- The problem -
Every entry below must be repeated exactly; skip the pictures.

Image-text web data:
• • • • •
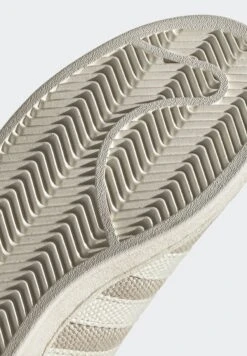 Adidas Originals SUPERSTAR UNISEX - Sneakers Laag - White -Heren Kleding Winkel 7cc10bf58878497ea621d7f7710d91c7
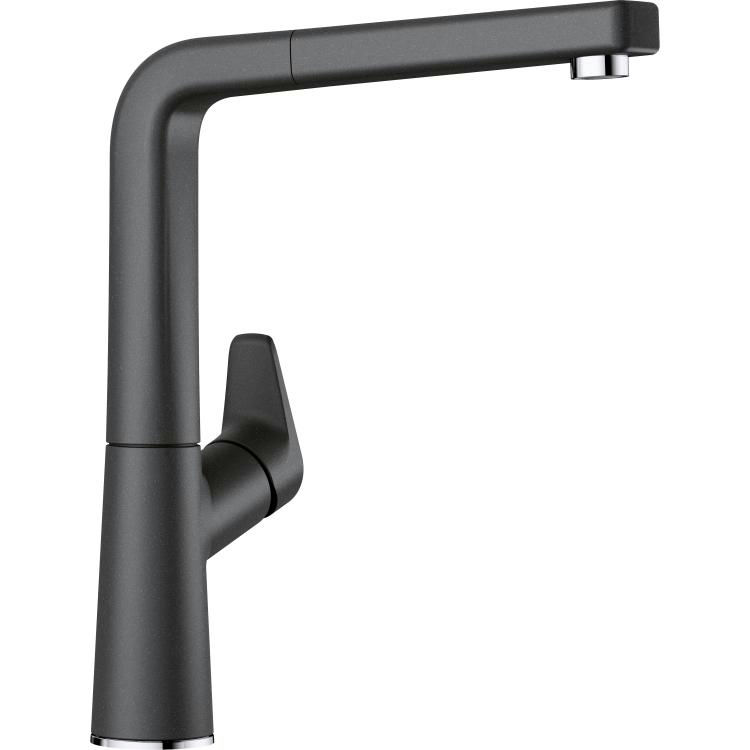 Blanco AVONA-S antracit 521278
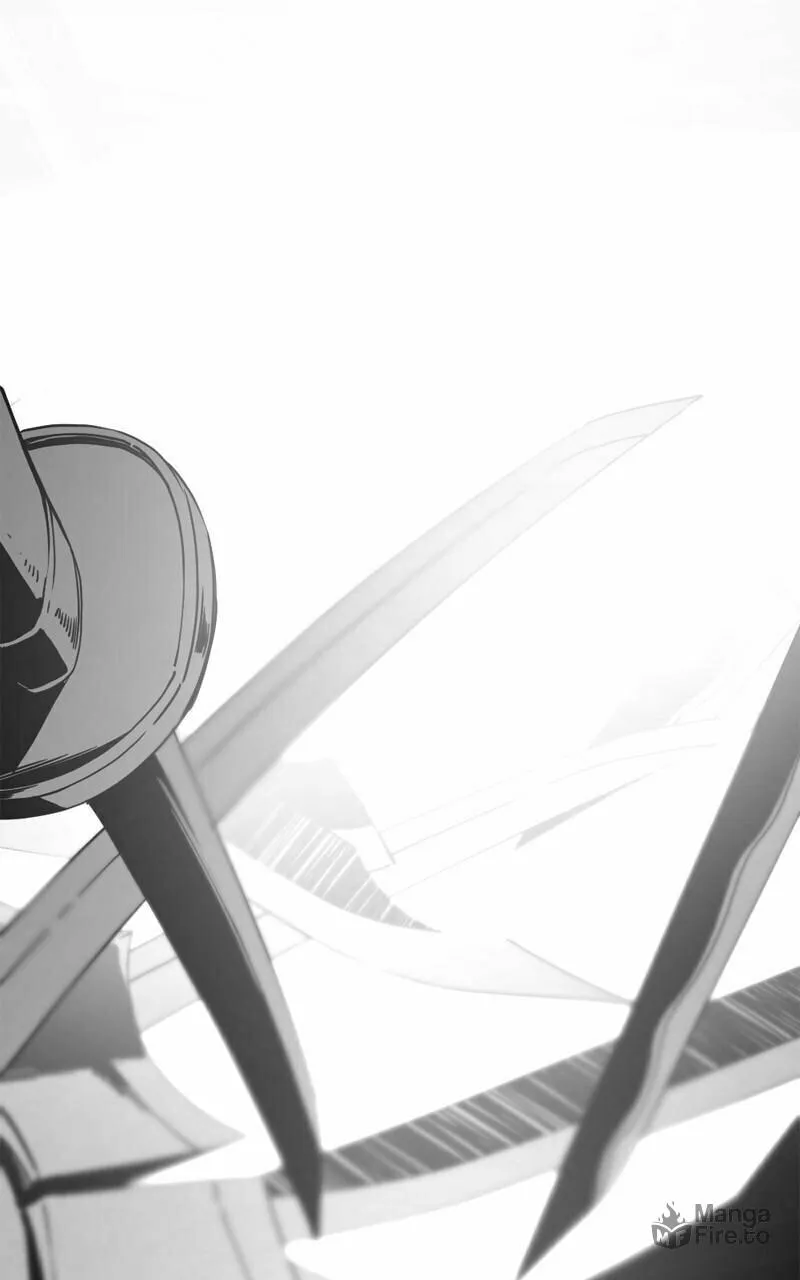 Hero Killer Chapter 147 page 99 - 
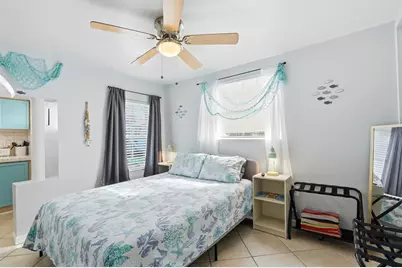 715 Harvey Avenue, Daytona Beach, FL 32118 - Photo 37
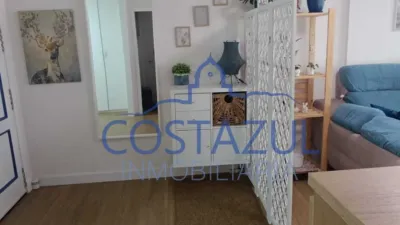 Apartment on Antonio López Street photo 13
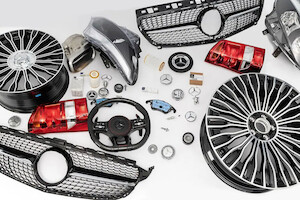 Merc_parts_image.jpg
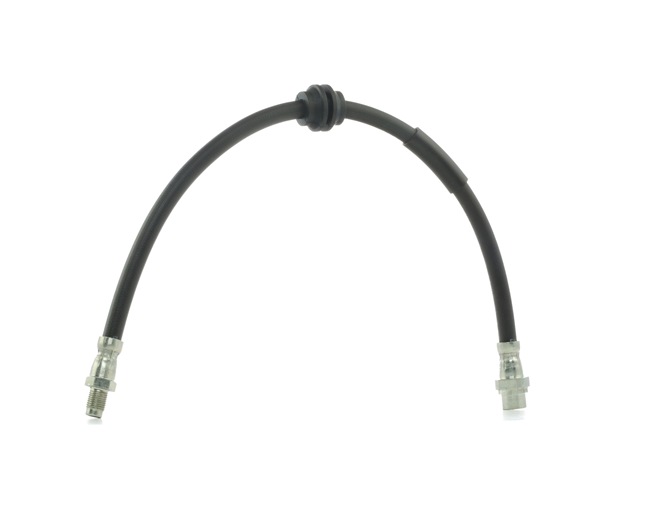Comprar Latiguillo de freno de RIDEX 83B0200 a bajo precio de 9,42 €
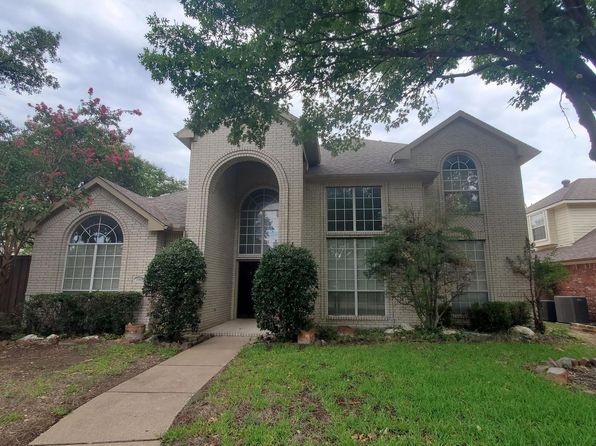3503 Marchwood Dr
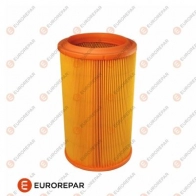 Воздушный фильтр EUROREPAR E147173 ILRG 8R 1424522531 9EBSZ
• • • • •
- Reply to the task -
 Adidas Originals SUPERSTAR UNISEX - Sneakers Laag - White -Heren Kleding Winkel 7cc10bf58878497ea621d7f7710d91c7
 Blanco AVONA-S antracit 521278
 Hero Killer Chapter 147 page 99 - 
 715 Harvey Avenue, Daytona Beach, FL 32118 - Photo 37
 Apartment on Antonio López Street photo 13
 Merc_parts_image.jpg
Comprar Latiguillo de freno de RIDEX 83B0200 a bajo precio de 9,42 €
3503 Marchwood Dr
 Воздушный фильтр EUROREPAR E147173 ILRG 8R 1424522531 9EBSZ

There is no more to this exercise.